I know what he means. Although I’ve written before about the importance of following a budget, the truth is I ditched one of our household budgets quite awhile ago too.
Okay … I can hear you now: What do you mean one of your budgets?
Well, the truth is, for many years our household had two budgets:
- a short-term spending budget for basic living monthly expenses
- a longer-term savings budget for bigger-ticket items.
The former is what most people think of when they’re talking about budgets; a monthly spending plan for things like the rent, utilities, groceries, entertainment, and other monthly non-discretionary and discretionary expenses.
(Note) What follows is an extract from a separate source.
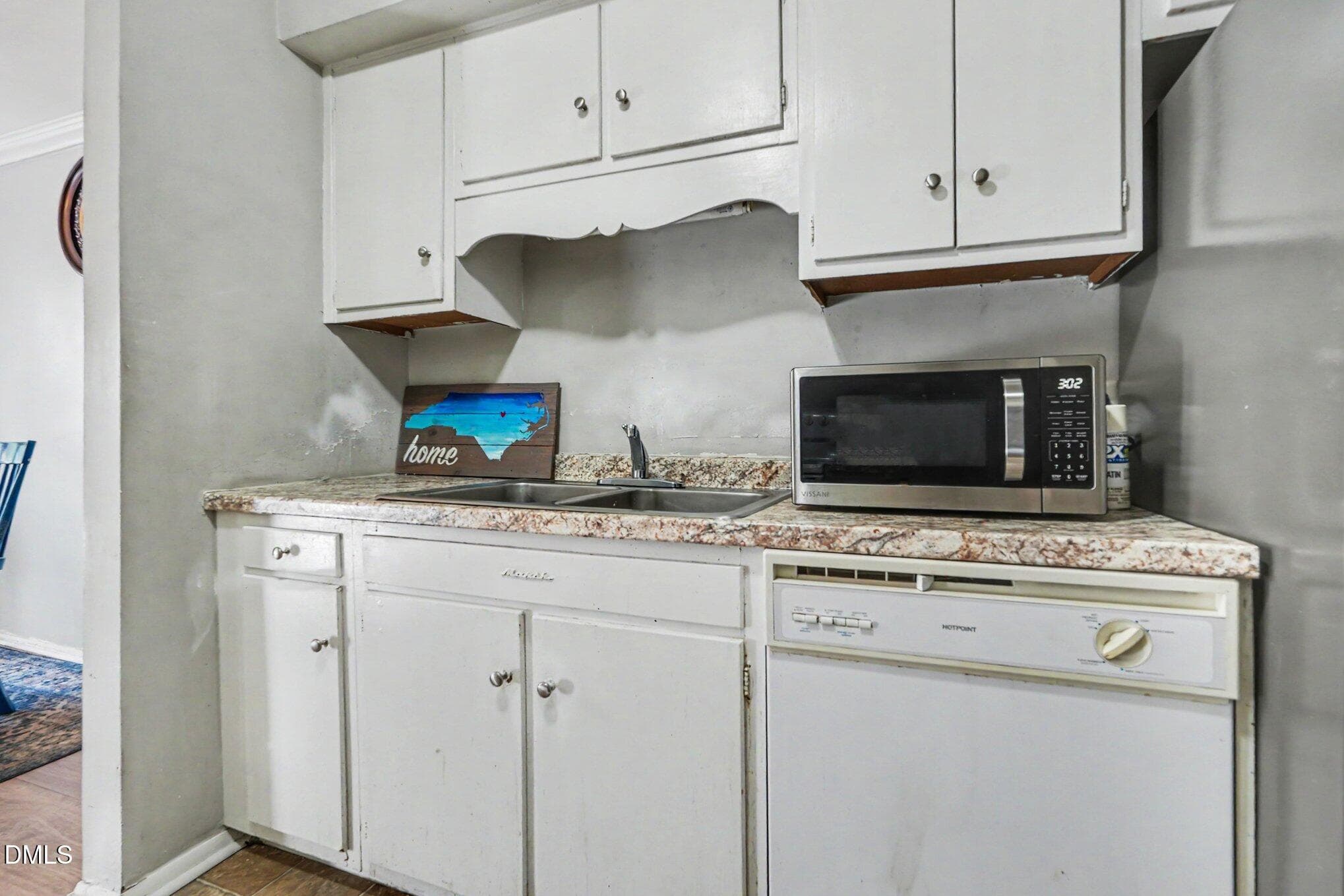 Kitchen - 1231 Teakwood Place, Raleigh, NC 27606, Raleigh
The latter, however, is not so much a budget per se — rather, it’s more like a financial road map, or a long-term spending plan. I look at it as a financial crystal ball that anticipates significant upcoming purchases like houses, cars, and family vacations. It also includes other things that folks typically need to set aside extra funds for including:
- paying off large credit card and other debts
- building up a rainy day fund and/or a retirement nest egg
- putting the kids through college
- home renovations
- the kids’ weddings
- elder care for parents
In other words, a long-term savings budget covers future expenditures that will require larger future outlays.
One of the very first topics I ever covered for this blog explained how to build your own strategic savings plan. Although I won’t rehash that for this piece, here is a very simple example of one from the article:
Now despite the fact that the Honeybee and I finally stopped following a rigid monthly household spending budget several years ago, we’ll always maintain, update, and follow our strategic financial road map. Why? Because the need for us to constantly plan and replan future expenditures is never ending.
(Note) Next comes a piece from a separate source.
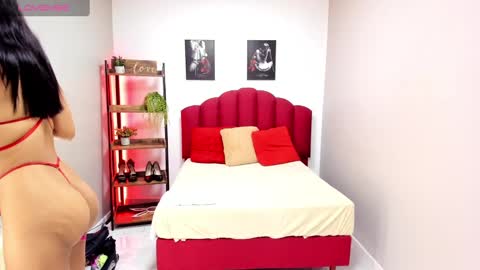 ashleyrobert_ online show from 6, 12, 2024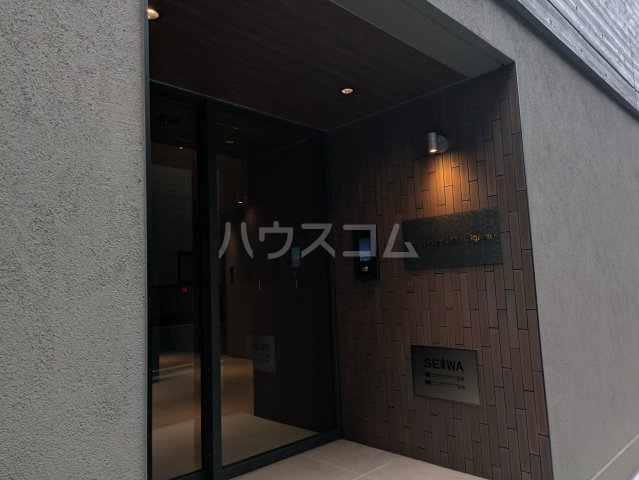 15/26 エントランス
By the way, in case you’re wondering, we no longer have a monthly short term spending budget because several years ago we finally reached the enviable position where our income became high enough that we now have plenty of wiggle room to handle modest budgetary overruns resulting from the occasional desire to splurge — or any other unexpected expenditures, whether they’re discretionary or not.
That’s not to say that the Honeybee and I have thrown fiscal responsibility out the window. After all, it’s not as if we have stopped tracking how we spend and save every penny we earn. In fact, we’re just as vigilant as we’ve ever been about maintaining financial discipline. It’s just that we’re now reaping the many rewards that we’ve sown during the past two decades by: 1) faithfully living well below our means; and 2) keeping our income steadily growing.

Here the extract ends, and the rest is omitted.